Under Certain Conditions, Solaris 10 Patch 118822-11 Through 118822-23 May Cause a System Panic on Some Servers |
|
| Category : | Availability |
| Release Phase : | Resolved |
| Product : | Sun Fire 12K Server Sun Fire E20K Server Sun Fire 15K Server Solaris 10 Operating System Sun Fire E25K Server
|
| Bug Id : | 6342112
|
| Date of Workaround Release : | 08-NOV-2005
|
| Date of Resolved Release : | 23-DEC-2005
|
Impact
Under certain conditions, SunFire 12K, 15K, E20K and E25K systems running Solaris 10 with patch 118822-11 through 118822-23 installed (and with VxVM Volumes in use) may experience a panic/reboot loop. If VxVM is not in use, the system may still panic (but not in a reboot/loop) when certain ufs(7FS) code paths are exercised.
Contributing Factors
This issue can occur in the following release:
SPARC Platform
on the following platforms:
- Sun Fire 12K, 15K, E20K and E25K Servers
Notes:
- Solaris 8 and 9 are not affected by this issue. Solaris on any system other than a 15K, E20K or E25K is not affected by this issue.

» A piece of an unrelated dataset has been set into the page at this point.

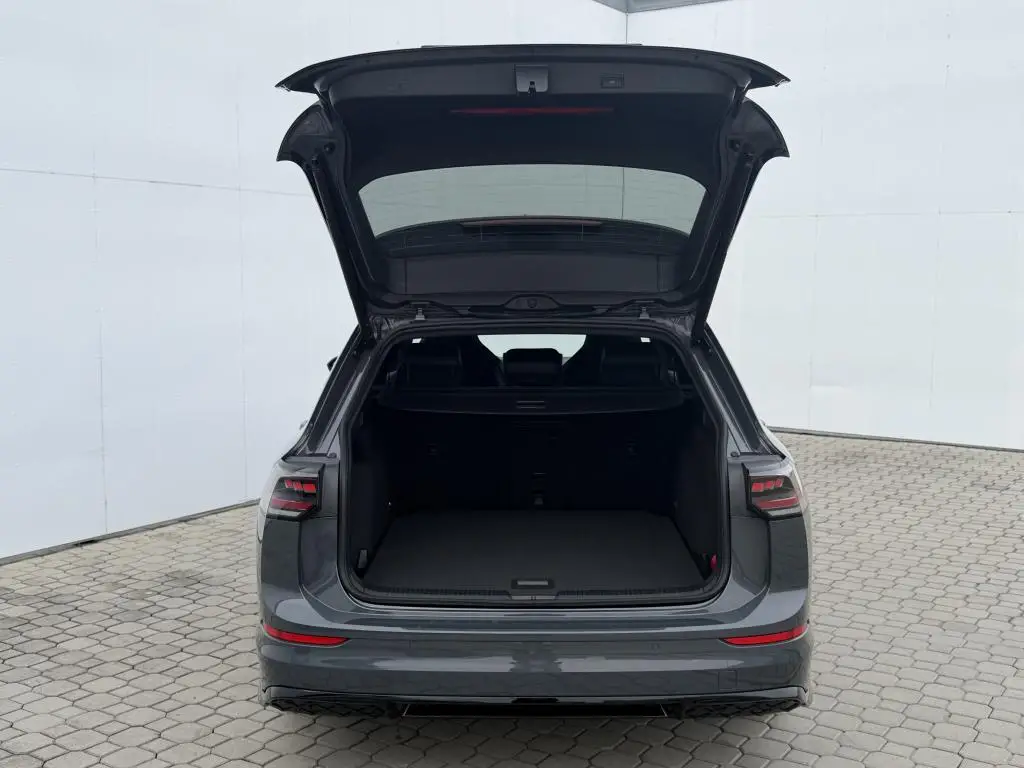 Volkswagen Golf Variant R-Line People 7DSG mHEV 1,5eTSI / 110kW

- This issue is known to affect systems with Veritas Volume Manager (VxVM) 4.1 installed, and can affect VxVM volumes.
- This issue is also known to occur with certain code paths in the ufs(7FS) layer.
- On SunFire 12K/15K/E20K/E25K systems, this issue occurs only when the number of CPUs on the system is greater than 32.
This issue can occur when either UFS (in certain code paths) or VxVM sends a buffer that has a page with a certain <vnode, offset> identity to upper layers, locks it, remaps that page into kernel, and then attempts to remap the same page again.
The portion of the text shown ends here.